APD di atas dapat melindungi
bagia-bagian tubuh pekerja untuk menimalisir kecelakaan kerja selama bekerja.
Dan sebaiknya harus diterapkan pada pekerja yang bekerja di bengkel.
4.
Pencegahan/
pengendalian kecelakaan kerja
Dalam mencegah/ mengendalikan
kecelakaan kerja, para pekerja tidak mempunyai program atau prosedur apapun,
pekerja hanya mencegah terjadinya kecelakaan kerja dengan bersikap hati-hati
pada tiap aktivitasnya.
5.
Fasilitas
kesehatan
Di bengkel ini tidak mempunyai
fasilitas kesehatan. Jika terjadi kecelakaan, maka pekerja tersebut mengobati
dirinya sendiri dengan membeli obat di apotik dan biaya pengobatan di tanggung
oleh pemilik bengkel.
Para pekerja biasanya mengalami
kecelakaan kerja seperti, tidak segaja memukul tangannya pada saat melakukan
service motor.
Sebaiknya perlu ada
fasilitas kesehatan meski usaha ini hanya bergerak di bidang sector informal.

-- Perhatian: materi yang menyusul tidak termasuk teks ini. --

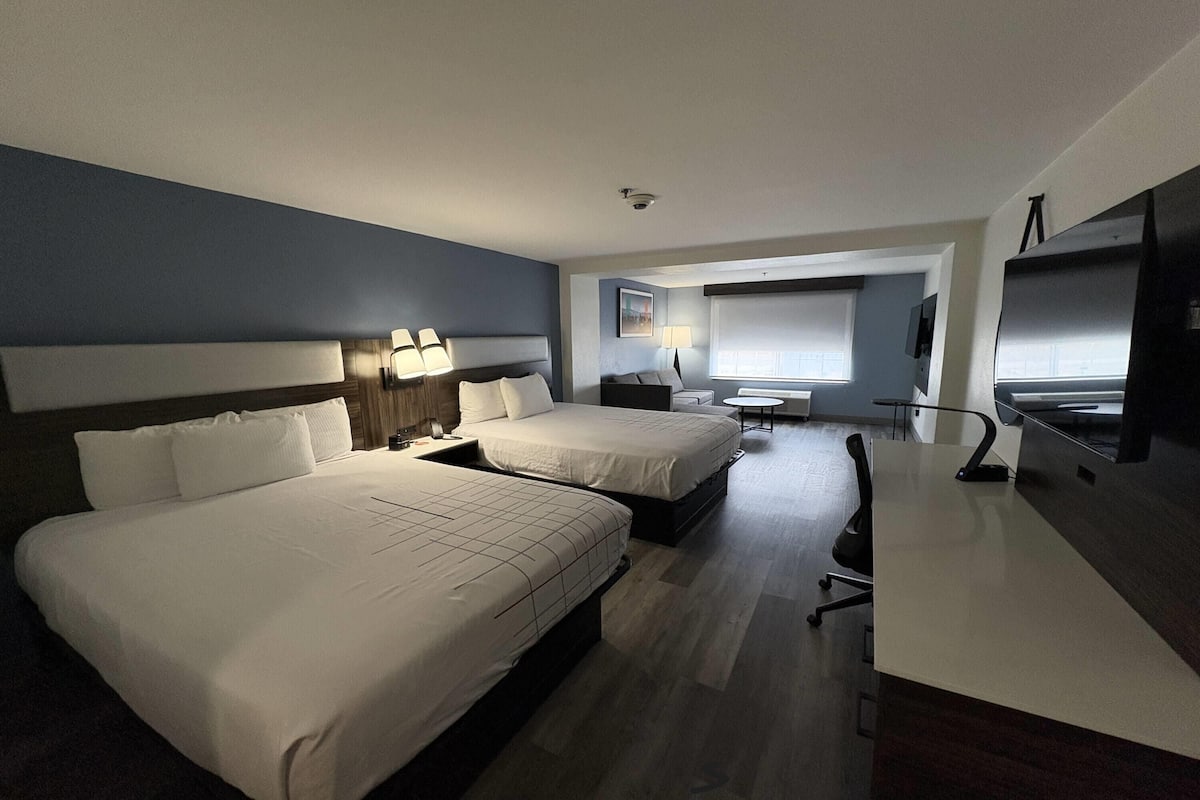 Suite, 2 Queen Beds, Non Smoking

Penyediaan kotak P3K (pertolongan pertama pada kecelakaan) saat terjadi
kecelakaan kerja saat bekerja harusnya lebih diperhatikan oleh suatu pengusaha.
BAB
IV
PENUTUP
A.
Kesimpulan
- Di bengkel ini memiliki beberapa faktor resiko sehingga dapat mengakibatkan kecelakaan kerja seperti kebisingan, asap, kimia dan ergonomi.
- Penerapan kesehatan dan keselamatan kerja di Bengkel ini belum terlaksana dengan baik.

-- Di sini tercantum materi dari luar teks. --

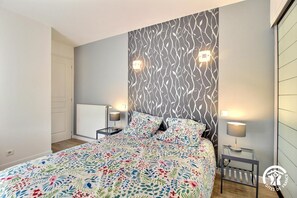 3 quartos, ferros/tábuas de passar roupa, berço de viagem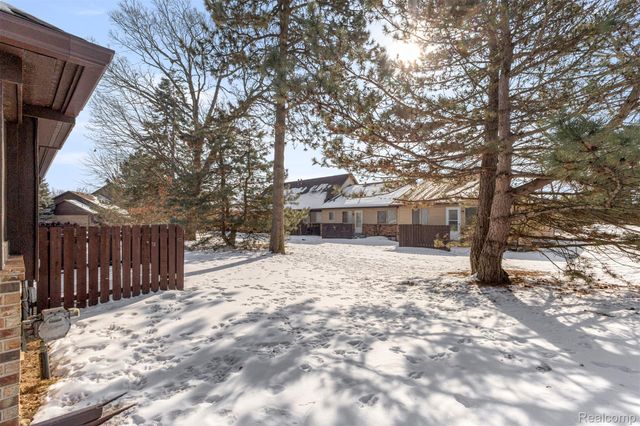 3376 Heritage Parkway, Dearborn, MI 48124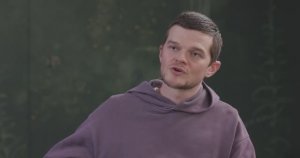 Robert Aramayo talks Elrond in The Rings of Power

- Pencegahan atau pengendalian kecelakaan kerja belum dilakukan dan hanya berdasar sikap hati-hati.
- Kesadaran untuk
menggunakan alat pelindung diri saat bekerja sangat kurang.
B. Saran
- Diharapkan bagi pemilik untuk mengetahui dan memberikan pengetahuan tentang kesehatan dan keselamatan kerja serta prosedurnya bagi pekerja.
- Perhatian secara serius untuk mencegah posisi duduk yang tidak ergonomi yang nantinya akan membawa dampak yang kurang baik bagi pekerja.
- Kesadaran
menggunakan alat pelindung diri perlu di tingkatkan serta penggunaannya sesuai prosedur.